Adhyaya 87 — The Slaying of Dhumralochana and the Emergence of Kali; the Fall of Chanda and Munda (Chamunda Named)
श्रीदेव्युवाच यस्माच्चण्डं च मुण्डं च गृहीत्वा त्वमुपागता । चामुण्डेति ततो लोके ख्याता देवि भविष्यसि ॥
śrīdevy uvāca yasmāc caṇḍaṃ ca muṇḍaṃ ca gṛhītvā tvam upāgatā / cāmuṇḍeti tato loke khyātā devi bhaviṣyasi
La Déesse bienheureuse dit : Parce que tu es venue après avoir saisi Caṇḍa et Muṇḍa, ainsi, dans le monde, ô Déesse, tu seras renommée sous le nom de « Cāmuṇḍā ».
A name here is not mere label but recognition of function: the epithet ‘Cāmuṇḍā’ memorializes the removal of specific destructive forces, teaching that spiritual power is known by the harms it ends and the order it restores.

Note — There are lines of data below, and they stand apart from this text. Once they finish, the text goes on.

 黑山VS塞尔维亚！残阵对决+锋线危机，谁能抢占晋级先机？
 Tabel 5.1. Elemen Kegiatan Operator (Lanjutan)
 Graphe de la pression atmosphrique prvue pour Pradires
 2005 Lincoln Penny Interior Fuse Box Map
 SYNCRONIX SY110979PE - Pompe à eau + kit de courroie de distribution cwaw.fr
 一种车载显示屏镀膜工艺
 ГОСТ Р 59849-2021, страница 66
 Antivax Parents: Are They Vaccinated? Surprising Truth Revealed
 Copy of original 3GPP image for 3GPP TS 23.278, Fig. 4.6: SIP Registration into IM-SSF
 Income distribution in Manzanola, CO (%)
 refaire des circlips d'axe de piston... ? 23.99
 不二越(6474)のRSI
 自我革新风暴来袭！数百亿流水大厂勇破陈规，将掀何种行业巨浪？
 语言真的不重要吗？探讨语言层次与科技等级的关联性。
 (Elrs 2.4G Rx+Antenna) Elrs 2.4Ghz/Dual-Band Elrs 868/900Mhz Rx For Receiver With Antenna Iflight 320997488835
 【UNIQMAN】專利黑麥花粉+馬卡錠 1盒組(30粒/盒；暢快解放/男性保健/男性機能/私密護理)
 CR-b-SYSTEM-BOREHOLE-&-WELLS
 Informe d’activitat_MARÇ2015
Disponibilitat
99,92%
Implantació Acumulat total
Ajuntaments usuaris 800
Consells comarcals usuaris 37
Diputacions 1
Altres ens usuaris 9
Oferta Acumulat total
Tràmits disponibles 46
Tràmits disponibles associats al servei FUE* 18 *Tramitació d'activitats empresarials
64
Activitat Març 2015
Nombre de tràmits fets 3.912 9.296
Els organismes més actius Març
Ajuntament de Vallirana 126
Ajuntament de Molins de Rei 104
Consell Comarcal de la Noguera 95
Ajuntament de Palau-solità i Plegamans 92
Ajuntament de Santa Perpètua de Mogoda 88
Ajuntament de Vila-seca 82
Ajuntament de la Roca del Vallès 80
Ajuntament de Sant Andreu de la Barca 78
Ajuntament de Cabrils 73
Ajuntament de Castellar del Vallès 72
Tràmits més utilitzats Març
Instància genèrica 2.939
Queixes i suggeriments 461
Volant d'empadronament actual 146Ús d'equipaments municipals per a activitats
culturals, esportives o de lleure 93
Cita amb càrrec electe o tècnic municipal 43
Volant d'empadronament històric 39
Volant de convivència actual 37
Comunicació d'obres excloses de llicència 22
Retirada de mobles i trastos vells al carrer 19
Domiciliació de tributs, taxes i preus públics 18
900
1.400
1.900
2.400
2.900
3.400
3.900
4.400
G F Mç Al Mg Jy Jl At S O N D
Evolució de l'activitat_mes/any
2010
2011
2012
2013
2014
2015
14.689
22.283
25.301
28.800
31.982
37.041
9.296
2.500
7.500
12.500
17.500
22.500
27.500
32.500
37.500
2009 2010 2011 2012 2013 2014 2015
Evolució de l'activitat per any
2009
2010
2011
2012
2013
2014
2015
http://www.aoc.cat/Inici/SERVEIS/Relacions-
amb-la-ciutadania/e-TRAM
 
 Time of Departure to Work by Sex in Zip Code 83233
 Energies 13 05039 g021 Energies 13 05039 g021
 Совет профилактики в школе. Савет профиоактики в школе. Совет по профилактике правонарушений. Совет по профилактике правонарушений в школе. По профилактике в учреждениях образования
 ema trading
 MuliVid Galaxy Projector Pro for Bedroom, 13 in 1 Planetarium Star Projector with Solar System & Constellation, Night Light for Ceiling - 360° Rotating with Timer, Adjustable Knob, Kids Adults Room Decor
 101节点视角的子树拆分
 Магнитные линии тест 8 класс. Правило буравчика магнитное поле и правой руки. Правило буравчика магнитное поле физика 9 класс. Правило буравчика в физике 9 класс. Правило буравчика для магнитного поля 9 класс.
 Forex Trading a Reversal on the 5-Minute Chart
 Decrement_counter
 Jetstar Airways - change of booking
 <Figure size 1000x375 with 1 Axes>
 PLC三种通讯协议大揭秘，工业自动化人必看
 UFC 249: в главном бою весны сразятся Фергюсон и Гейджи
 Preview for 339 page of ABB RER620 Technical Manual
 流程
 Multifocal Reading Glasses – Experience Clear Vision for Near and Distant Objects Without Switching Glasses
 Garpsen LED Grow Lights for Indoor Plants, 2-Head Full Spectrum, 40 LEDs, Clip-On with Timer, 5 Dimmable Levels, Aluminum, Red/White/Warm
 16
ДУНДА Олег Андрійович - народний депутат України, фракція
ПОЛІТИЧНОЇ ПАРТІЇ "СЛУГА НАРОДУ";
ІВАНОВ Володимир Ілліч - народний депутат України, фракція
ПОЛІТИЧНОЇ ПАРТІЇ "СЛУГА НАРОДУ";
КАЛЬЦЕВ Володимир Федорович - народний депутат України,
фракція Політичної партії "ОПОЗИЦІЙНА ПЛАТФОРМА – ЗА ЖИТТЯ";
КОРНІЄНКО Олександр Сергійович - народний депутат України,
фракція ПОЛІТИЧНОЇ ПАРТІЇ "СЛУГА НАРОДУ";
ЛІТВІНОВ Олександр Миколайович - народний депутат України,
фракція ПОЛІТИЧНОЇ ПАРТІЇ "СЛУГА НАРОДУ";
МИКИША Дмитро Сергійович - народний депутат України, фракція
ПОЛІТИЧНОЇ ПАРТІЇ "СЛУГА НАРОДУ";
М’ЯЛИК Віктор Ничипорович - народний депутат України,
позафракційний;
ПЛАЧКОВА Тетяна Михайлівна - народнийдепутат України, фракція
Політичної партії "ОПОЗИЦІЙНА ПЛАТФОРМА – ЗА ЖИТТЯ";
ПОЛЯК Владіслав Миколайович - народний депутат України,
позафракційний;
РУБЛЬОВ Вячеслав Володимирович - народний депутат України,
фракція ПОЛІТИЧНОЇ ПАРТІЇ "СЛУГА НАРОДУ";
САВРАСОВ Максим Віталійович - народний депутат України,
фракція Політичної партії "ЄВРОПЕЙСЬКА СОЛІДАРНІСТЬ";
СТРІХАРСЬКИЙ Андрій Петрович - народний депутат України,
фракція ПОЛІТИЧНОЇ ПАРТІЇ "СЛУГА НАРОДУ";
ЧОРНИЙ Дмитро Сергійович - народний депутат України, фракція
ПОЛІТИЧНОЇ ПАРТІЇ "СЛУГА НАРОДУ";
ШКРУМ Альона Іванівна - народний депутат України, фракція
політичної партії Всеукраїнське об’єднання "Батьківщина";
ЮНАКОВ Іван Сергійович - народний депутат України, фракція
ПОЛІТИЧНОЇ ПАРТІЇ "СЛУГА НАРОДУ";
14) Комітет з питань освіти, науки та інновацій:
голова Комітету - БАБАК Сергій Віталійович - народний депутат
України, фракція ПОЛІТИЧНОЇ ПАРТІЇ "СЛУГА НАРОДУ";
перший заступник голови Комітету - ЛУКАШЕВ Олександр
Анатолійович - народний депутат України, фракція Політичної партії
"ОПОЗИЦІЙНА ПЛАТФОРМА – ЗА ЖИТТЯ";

Anucarita within Manvantara: exemplary divine action narrated within a manvantara setting; it is not Sarga/Pratisarga but a dharma-protecting episode embedded in the Purāṇic time-cycle.
‘Caṇḍa’ and ‘Muṇḍa’ can be read as personifications of brutal aggression and headless/ego-less frenzy; Devī’s power that ‘seizes’ them signifies mastery over violent impulses, culminating in a stabilized, worshippable form—Cāmuṇḍā.